A key component of Peter Stanley Training EPRR for NHS courses is encouraging non-blue light professionals to work with blue light organisations, such as police, fire, and ambulance services. This can benefit both the blue-light organisations and the non-blue-light professionals involved. Blue light organisations often rely on the expertise and resources of other agencies and organisations to respond effectively to emergencies and incidents. By working together, blue-light organisations and non-blue-light professionals can share knowledge and resources, improving the overall response and outcomes of emergencies.
There are several ways in which non-blue light professionals can be encouraged to work with blue light organisations. One approach is to create opportunities for collaboration and information sharing through joint training and exercises. This can help to build relationships and foster a sense of teamwork and cooperation. In addition, blue-light organisations can work to communicate the value and importance of non-blue-light professionals and their contributions to emergency response efforts. By highlighting the vital role that non-blue light professionals play in ensuring the safety and well-being of the community, blue light organisations can encourage more individuals to become involved in emergency response efforts.

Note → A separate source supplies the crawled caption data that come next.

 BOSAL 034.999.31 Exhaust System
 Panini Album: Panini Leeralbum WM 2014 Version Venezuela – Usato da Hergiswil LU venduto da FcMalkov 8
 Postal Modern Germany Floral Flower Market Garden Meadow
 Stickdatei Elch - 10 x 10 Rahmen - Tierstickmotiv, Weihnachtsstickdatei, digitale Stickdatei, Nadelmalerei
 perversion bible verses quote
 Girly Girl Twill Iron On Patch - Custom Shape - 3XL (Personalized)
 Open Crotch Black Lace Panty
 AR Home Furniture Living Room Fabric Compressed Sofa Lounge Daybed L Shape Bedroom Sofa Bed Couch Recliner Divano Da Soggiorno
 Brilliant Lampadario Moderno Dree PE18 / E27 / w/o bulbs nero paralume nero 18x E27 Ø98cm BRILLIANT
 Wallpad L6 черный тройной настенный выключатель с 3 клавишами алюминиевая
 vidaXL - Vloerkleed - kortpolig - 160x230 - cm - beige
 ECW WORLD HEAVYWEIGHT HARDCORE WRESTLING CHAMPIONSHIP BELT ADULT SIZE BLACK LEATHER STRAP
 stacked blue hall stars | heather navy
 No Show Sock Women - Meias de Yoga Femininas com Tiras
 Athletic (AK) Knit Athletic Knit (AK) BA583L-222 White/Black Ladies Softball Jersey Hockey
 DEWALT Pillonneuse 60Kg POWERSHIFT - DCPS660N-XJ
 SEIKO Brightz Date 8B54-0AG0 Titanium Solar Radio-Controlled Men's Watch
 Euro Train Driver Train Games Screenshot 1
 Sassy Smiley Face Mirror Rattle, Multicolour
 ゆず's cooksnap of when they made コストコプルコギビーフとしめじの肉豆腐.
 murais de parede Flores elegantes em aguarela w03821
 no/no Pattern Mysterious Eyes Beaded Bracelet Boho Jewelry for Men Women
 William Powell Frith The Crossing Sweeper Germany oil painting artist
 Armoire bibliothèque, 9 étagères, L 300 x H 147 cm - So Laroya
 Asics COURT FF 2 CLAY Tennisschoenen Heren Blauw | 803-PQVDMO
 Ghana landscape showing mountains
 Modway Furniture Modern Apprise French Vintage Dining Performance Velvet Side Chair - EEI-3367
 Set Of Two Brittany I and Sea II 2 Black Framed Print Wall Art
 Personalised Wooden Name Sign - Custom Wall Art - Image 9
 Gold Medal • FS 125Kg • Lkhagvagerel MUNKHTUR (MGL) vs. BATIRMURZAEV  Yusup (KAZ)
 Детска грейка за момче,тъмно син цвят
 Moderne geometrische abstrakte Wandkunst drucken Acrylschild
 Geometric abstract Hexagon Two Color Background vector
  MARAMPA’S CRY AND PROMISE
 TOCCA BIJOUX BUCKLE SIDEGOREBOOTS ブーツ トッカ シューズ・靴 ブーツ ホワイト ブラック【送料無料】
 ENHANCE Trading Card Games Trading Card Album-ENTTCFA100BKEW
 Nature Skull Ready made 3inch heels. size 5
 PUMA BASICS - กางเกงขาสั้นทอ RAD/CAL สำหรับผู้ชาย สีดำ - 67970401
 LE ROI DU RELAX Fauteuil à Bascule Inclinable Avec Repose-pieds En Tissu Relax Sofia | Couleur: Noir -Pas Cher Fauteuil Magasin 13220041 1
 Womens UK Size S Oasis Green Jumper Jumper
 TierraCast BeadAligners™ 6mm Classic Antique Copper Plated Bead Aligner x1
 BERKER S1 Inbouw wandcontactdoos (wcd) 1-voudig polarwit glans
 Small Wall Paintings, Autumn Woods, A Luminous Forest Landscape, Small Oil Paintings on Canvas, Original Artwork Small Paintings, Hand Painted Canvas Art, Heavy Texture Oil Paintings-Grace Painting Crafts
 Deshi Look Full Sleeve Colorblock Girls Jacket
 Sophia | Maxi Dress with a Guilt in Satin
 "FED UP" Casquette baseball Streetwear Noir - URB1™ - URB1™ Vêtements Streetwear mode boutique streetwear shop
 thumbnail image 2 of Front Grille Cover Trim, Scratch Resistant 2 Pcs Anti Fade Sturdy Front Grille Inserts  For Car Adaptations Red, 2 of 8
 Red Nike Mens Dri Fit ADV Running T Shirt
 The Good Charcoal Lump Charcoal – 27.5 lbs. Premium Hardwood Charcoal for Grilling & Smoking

Overall, encouraging non-blue light professionals to work with blue light organisations can help to improve the effectiveness and efficiency of emergency response efforts, ultimately benefiting the community and those in need of assistance.
Short Course Format
Peter Stanley Training EPRR for NHS one-day and half-day training courses can offer several benefits for individuals and organisations. Some of the key advantages of short training courses include:
- Cost-effectiveness: Short training courses are generally less expensive and require less time and resources than longer courses. This makes them an appealing option for those looking to acquire new skills or knowledge without incurring significant costs.
- Flexibility: Short training courses can be more flexible and convenient than longer courses, as they can be completed in a shorter time frame and may be offered in various formats, such as online or in-person. This can make them a good option for those with busy schedules or limited time available for training.
- Focus: Short training courses are typically designed to cover a specific topic or skill set, which allows for a more focused and efficient learning experience. This can be particularly beneficial for those looking to quickly acquire specific knowledge or skills.
- Quicker return on investment: By completing a short training course, individuals can quickly apply their new skills and knowledge in their work or personal life, resulting in a quicker return on their investment in training.
Short training courses can be a cost-effective and efficient way for individuals and organisations to acquire new skills and knowledge without taking time away from their day-to-day roles.
EPRR training is essential in the NHS because it helps to ensure the effective and efficient management of incidents and emergencies. By training individuals in the principles of EPRR, the NHS can establish a clear chain of command and a structured approach to managing incidents. This helps to improve communication and coordination, as well as the allocation of resources, ultimately resulting in better outcomes for patients and the NHS as a whole. In addition, EPRR helps to ensure the safety of patients, staff, and the public, as it enables individuals to effectively plan and respond to a wide range of emergencies and incidents. Overall, EPRR training is a crucial component of emergency preparedness and response in the NHS, and is essential for ensuring the quality and safety of patient care.